"Lostgallifreyan" wrote in message
. ..
Lostgallifreyan wrote in
:
He wrote that. I didn't.
Sorry amdx, potential for confusion there... I mean the guy who wrote what
you linked to...
The Sangean ATS-909 along with similar radios are designed to resolve
signals from the whip antenna or in built ferrite antenna. Attaching 8 to 10
feet of wire to the whip will bring in more stations but depending on
location may well pick up so much extra signal as to cause intermodulation
and AGC limiting preventing reception of the weak signals you want to
receive.
As stated earlier, the front end of these receivers is wide open and the
front end is exposed to the complete spectrum of transmissions received by
the antenna.
There is nothing inherently wrong with the receiving system you have decided
upon but it will undoubtably overload your receiver with signals and you
will be puzzled as to why the reception seems poorer with more noise pickup
rather than less.
As Richard has stated you need some form of preselection to filter out the
unwanted signals before they get into your radio. Basically this is a
tuneable filter which only allows through a single band of frequencies at a
time. The following site explains the essentials.
http://www.dxing.com/tnotes/tnote07.pdf
You can buy commercial preselectors but they will probably cost as much as
your radio. As they are generally passive devices built from a set of
switched coils and a variable capacitor they last forever and old ones do
come up from time to time at junk sales and the like. It is possible to make
a simple filter to cover just one or two bands that interest you.

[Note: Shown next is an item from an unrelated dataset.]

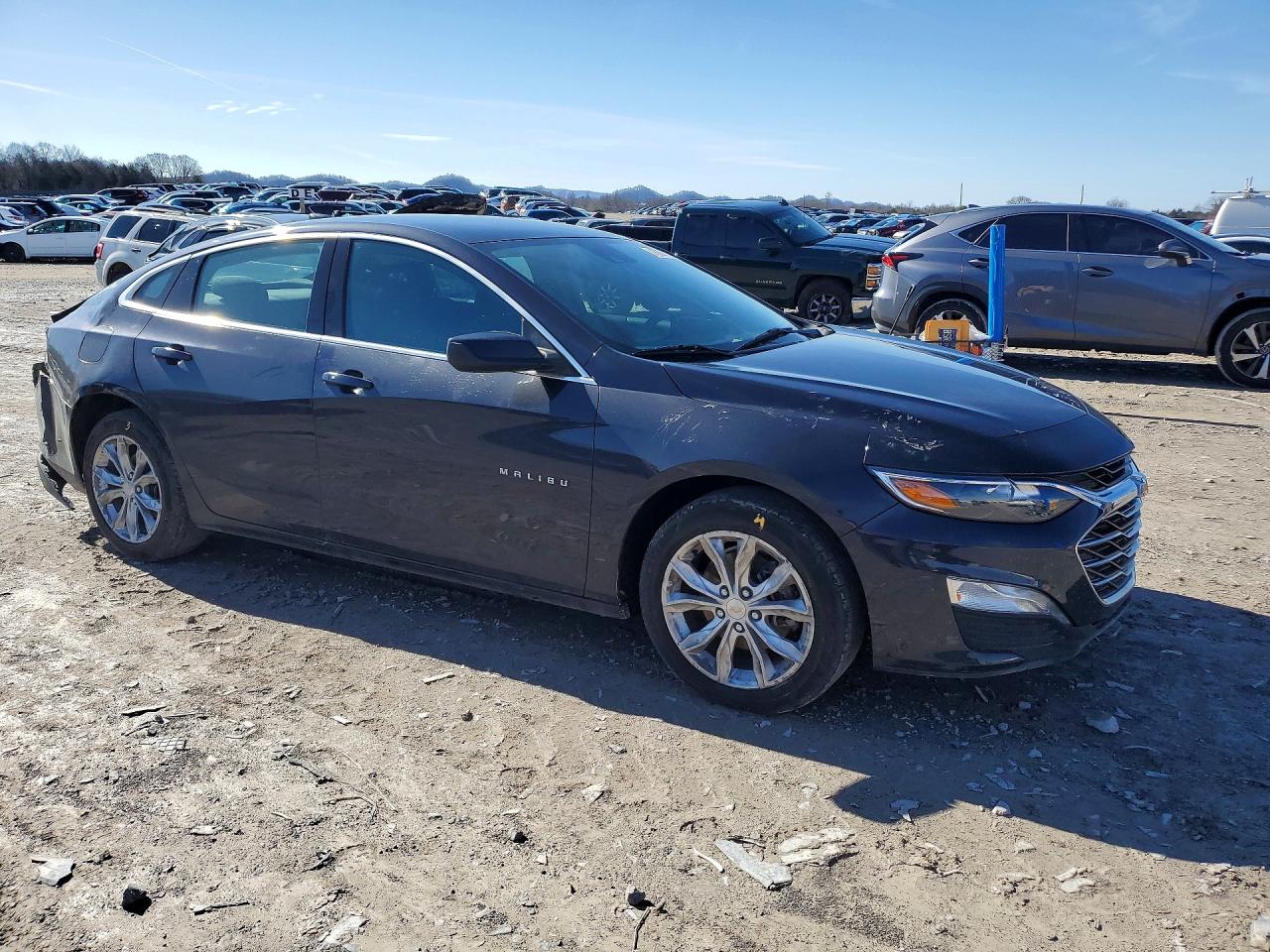 2023 CHEVROLET MALIBU LT photo 4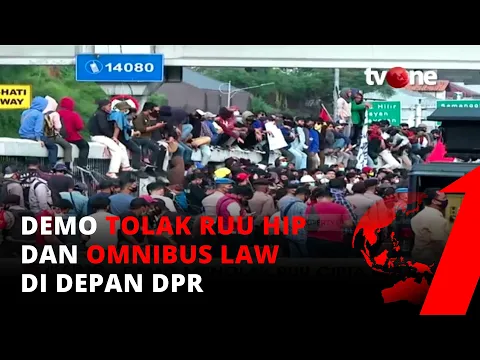 Kompak! Dua Kelompok Massa Ramai-ramai Geruduk Gedung DPR/MPR Tolak RUU HIP dan Cipta Kerja | tvOne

By all means, try the external antenna system but be prepared to buy a
'better' receiver with front end band pass filters or a preselector.
You can have too much of a good thing when it comes to receiving antennas. A
bigger receiving antenna won't bring in signals from further away. If they
are there, the receiver is probably sufficiently sensitive to pick them up
already. What the bigger antenna will do is raise the level of all the
signals it is picking up and feeding into the receiver and that includes
noise, and other unwanted stations. That is why you need additional
filtering to cut down the unwanted signals and allow your receiver a fair
chance of demodulating what you actually want to hear.